The pressure for bringing in an international force should now be coming from American diplomacy, not Israeli airstrikes. If Washington is about to come off the diplomatic sidelines to which it has foolishly consigned itself for the past two weeks, it will discover a real opportunity to help Israel’s security, America’s international image and pro-Western Arab governments.

And those are the things that count. Two paragraphs back, the Times shed crocodile tears for the suffering of Lebanese civilians. But now their true colours shine through. Lebanese security, much less Palestinian security or Iraqi or Iranian security, is not even on the agenda. Anyway, what’s another couple of days of bombing and shelling and missile strikes against ‘Hezbollah targets’ that just happen to be Red Cross vehicles, UN peacekeepers, and civilians fleeing under instruction from the invaders.

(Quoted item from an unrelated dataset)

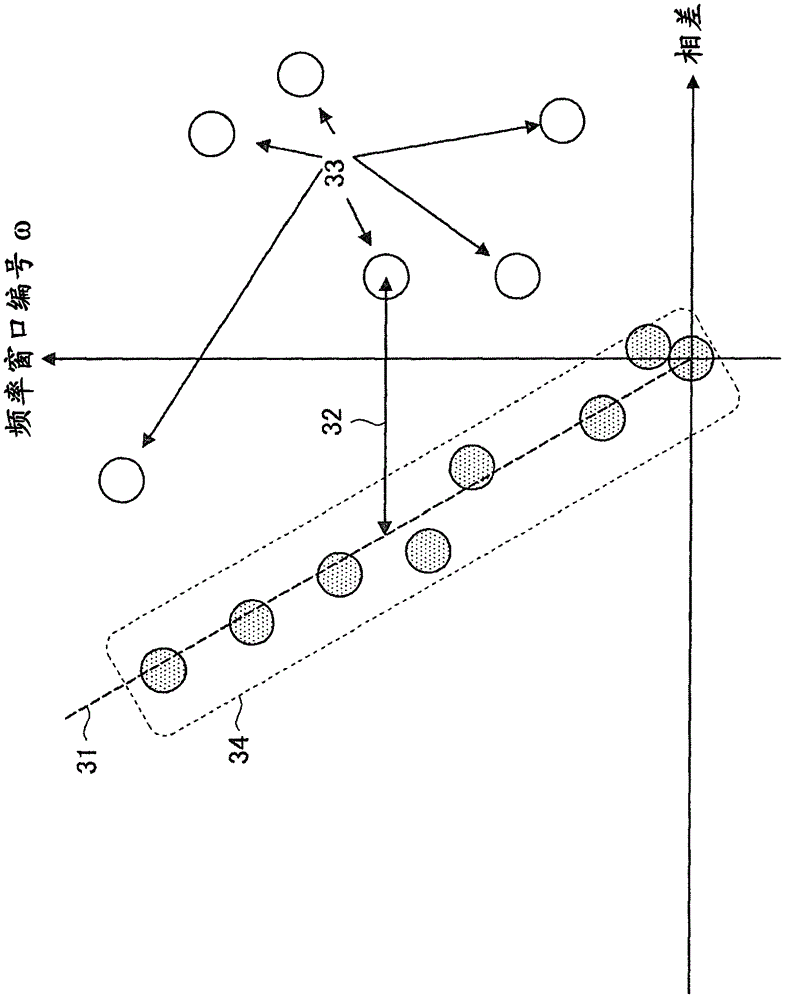 Sound signal processing device, method, and program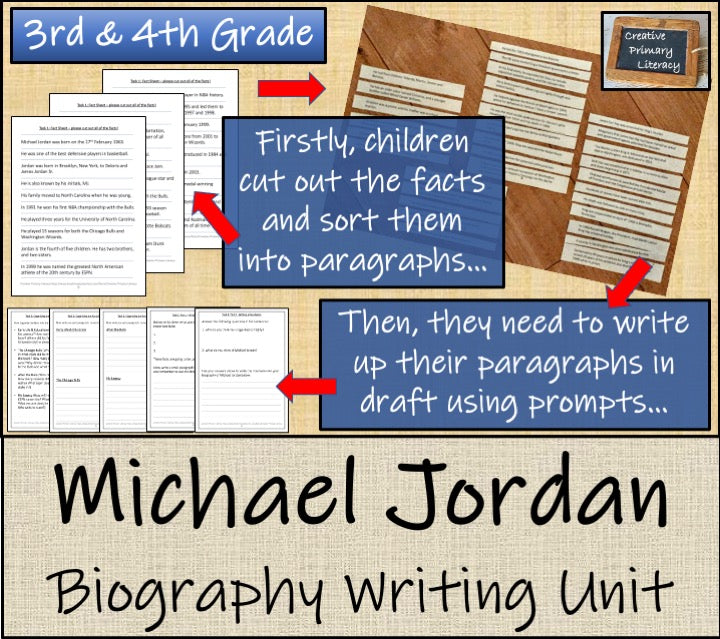 Michael Jordan Biography Writing Unit | 3rd Grade & 4th Grade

As for America’s image, I’m not sure there is any way to restore it, but if Mr Bush wanted to try, he could start by sacking the cabinet and the vice president, then resigning himself. Obviously it wouldn’t do to leave Mr Cheney and his henchpersons there to run the show. He could end the military and other aid to Israel and shred his ‘signing statements’ and… Oh, and he could bring the troops home from Iraq, too. But then I guess he’s not really all that concerned about ‘America’s international image’.

Pro western Arab governments look like needing all the help they can get. The people they are busy oppressing under US tutelage may have finally had enough. Boy would I like to see the Saudi monarchy and their ilk get their just deserts!